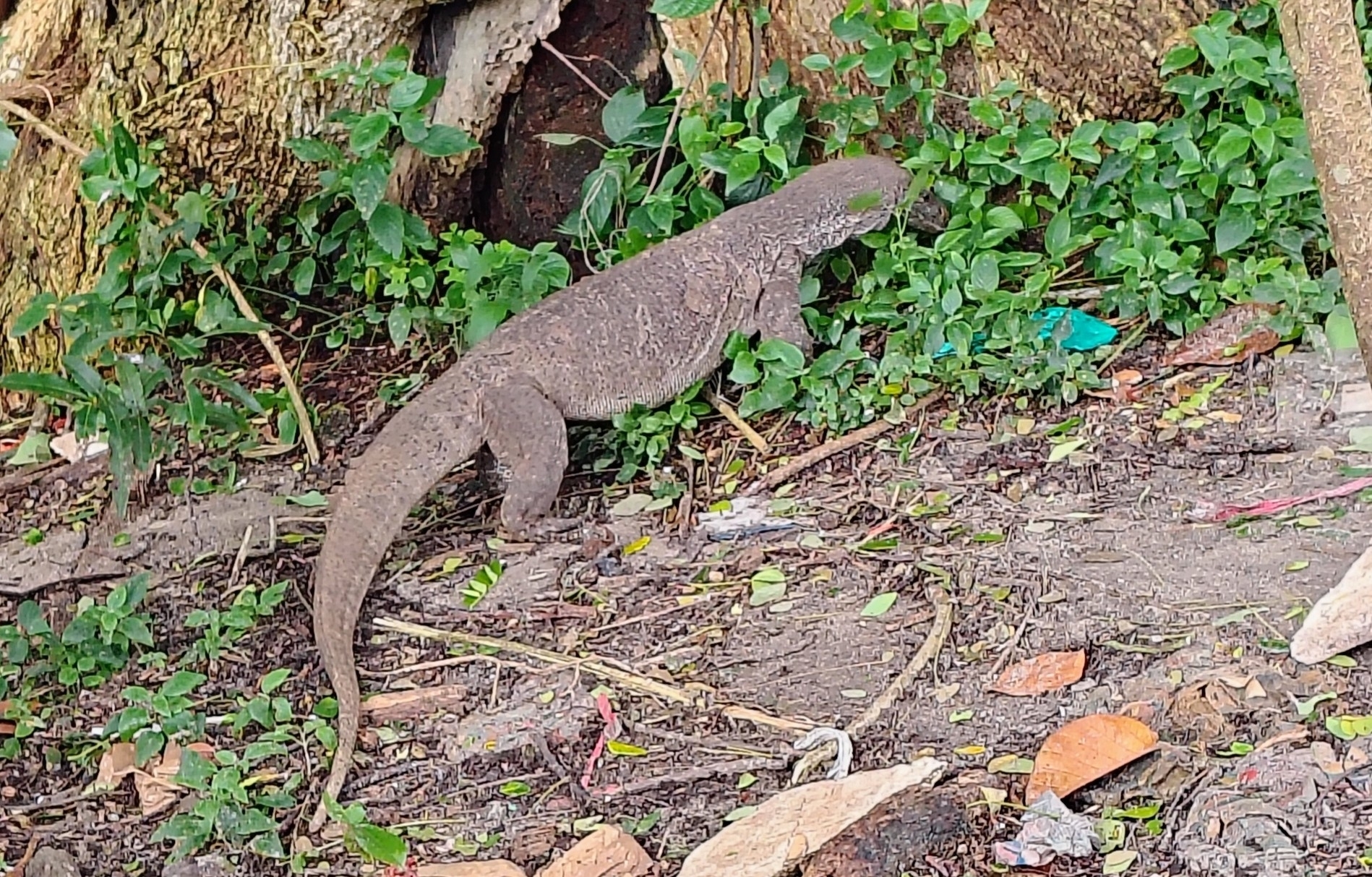 Bengal Monitor Lizard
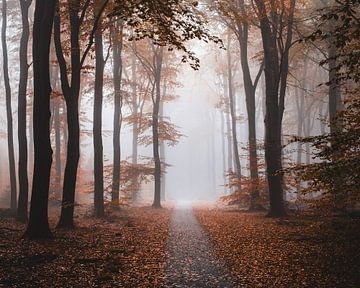 Uitnodiging tot liefde van Tvurk Photography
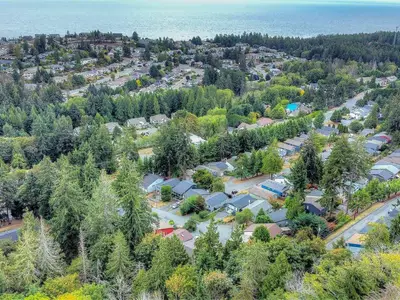 View 41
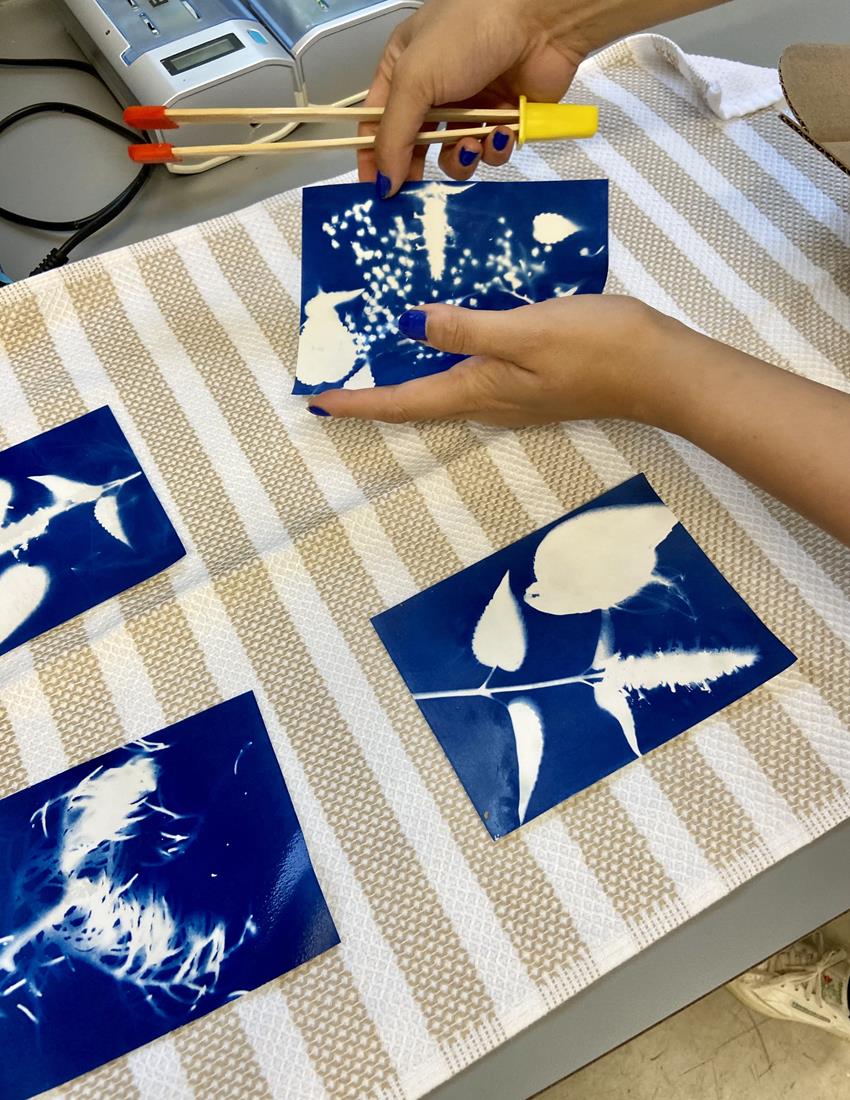 Four blue cyanotype images on a table.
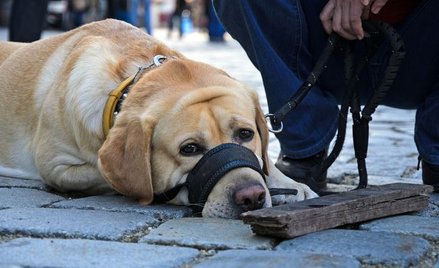 Sondaż: Czy zezwolić na wypuszczanie psów bez smyczy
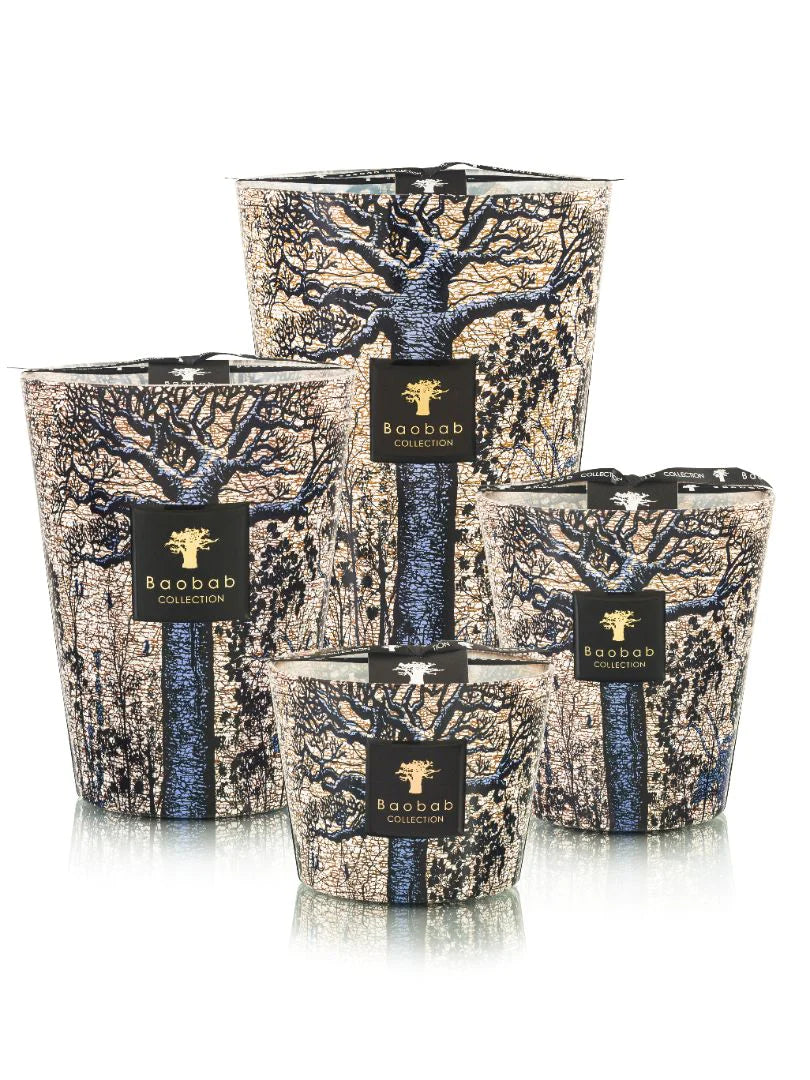 Max 10 Sacred Trees Seguela Candle  - Baobab Collection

● Task directions
Every record above must be repeated exactly, with the pictures dropped.

● Solution below
 Bengal Monitor Lizard
 Uitnodiging tot liefde van Tvurk Photography
 View 41
 Four blue cyanotype images on a table.
 Sondaż: Czy zezwolić na wypuszczanie psów bez smyczy
 Max 10 Sacred Trees Seguela Candle  - Baobab Collection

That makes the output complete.